● TASK TO CARRY OUT
Your answer should consist only of the records, copied exactly, with the images removed.

Start of TASK INPUT

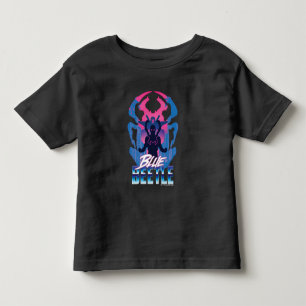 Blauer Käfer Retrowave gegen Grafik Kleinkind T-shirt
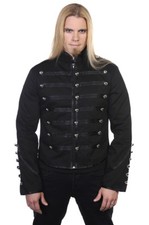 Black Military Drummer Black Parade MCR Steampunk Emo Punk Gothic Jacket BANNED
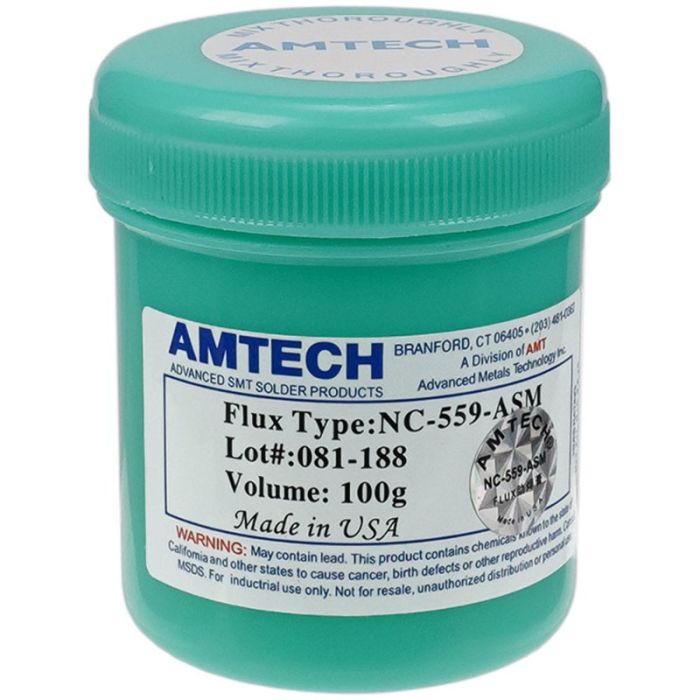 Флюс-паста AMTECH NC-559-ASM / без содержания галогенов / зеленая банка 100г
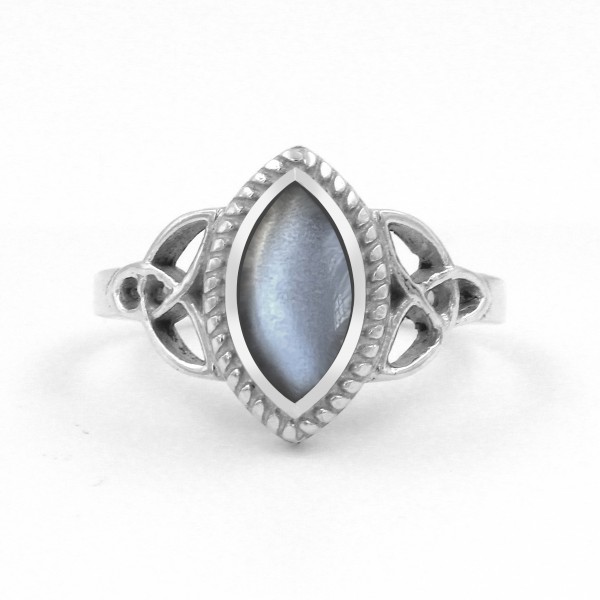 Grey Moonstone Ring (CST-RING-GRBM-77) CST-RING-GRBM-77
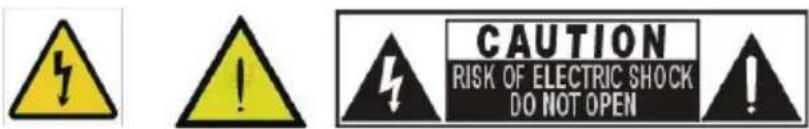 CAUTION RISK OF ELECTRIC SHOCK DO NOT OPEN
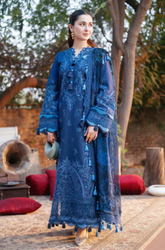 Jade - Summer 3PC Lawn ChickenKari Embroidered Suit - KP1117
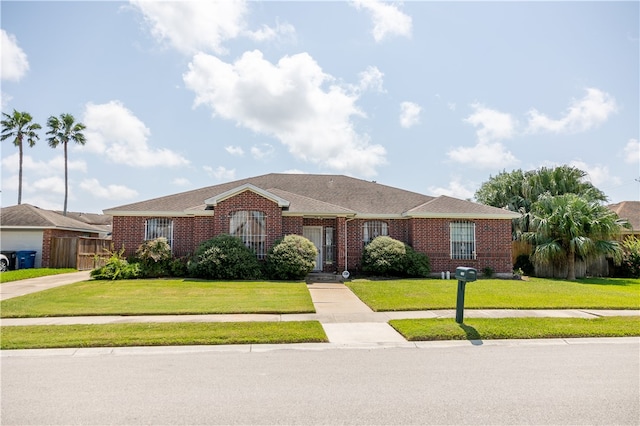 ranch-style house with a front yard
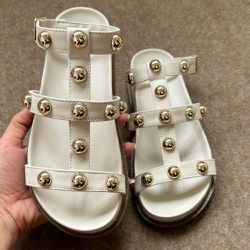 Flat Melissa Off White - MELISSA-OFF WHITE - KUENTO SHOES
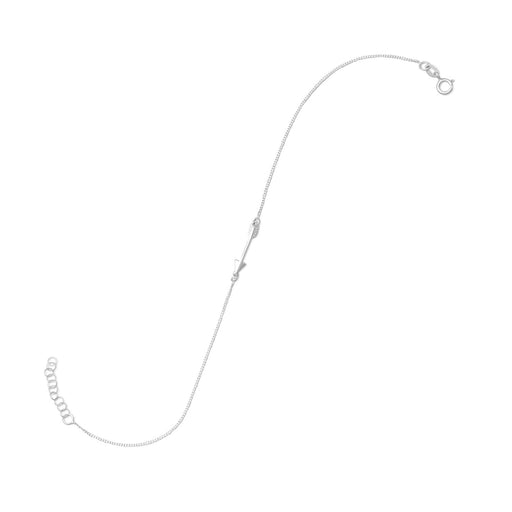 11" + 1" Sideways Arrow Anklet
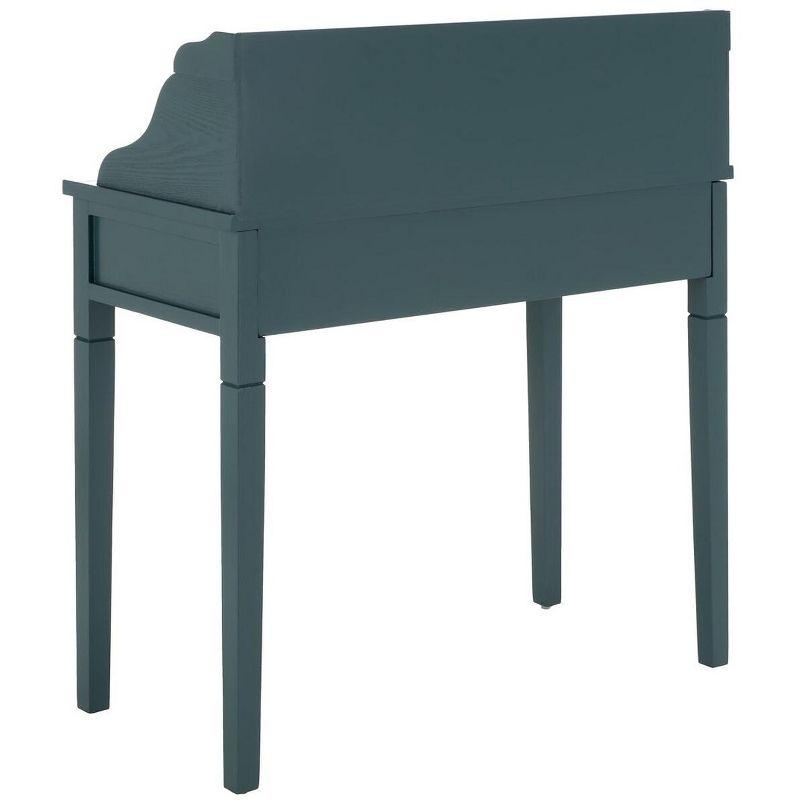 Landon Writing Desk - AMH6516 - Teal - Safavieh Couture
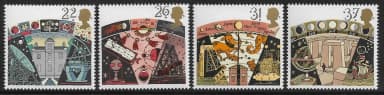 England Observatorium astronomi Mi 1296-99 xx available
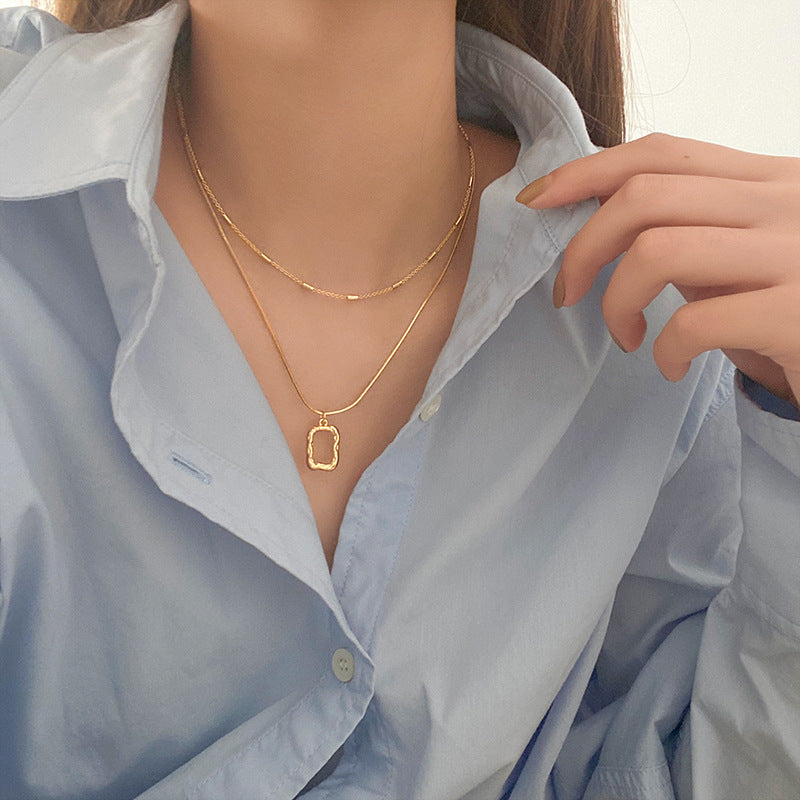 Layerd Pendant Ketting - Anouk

End of TASK INPUT

● EXERCISE ANSWER
 Blauer Käfer Retrowave gegen Grafik Kleinkind T-shirt
 Black Military Drummer Black Parade MCR Steampunk Emo Punk Gothic Jacket BANNED
 Флюс-паста AMTECH NC-559-ASM / без содержания галогенов / зеленая банка 100г
 Grey Moonstone Ring (CST-RING-GRBM-77) CST-RING-GRBM-77
 CAUTION RISK OF ELECTRIC SHOCK DO NOT OPEN
 Jade - Summer 3PC Lawn ChickenKari Embroidered Suit - KP1117
 ranch-style house with a front yard
 Flat Melissa Off White - MELISSA-OFF WHITE - KUENTO SHOES
 11" + 1" Sideways Arrow Anklet
 Landon Writing Desk - AMH6516 - Teal - Safavieh Couture
 England Observatorium astronomi Mi 1296-99 xx available
 Layerd Pendant Ketting - Anouk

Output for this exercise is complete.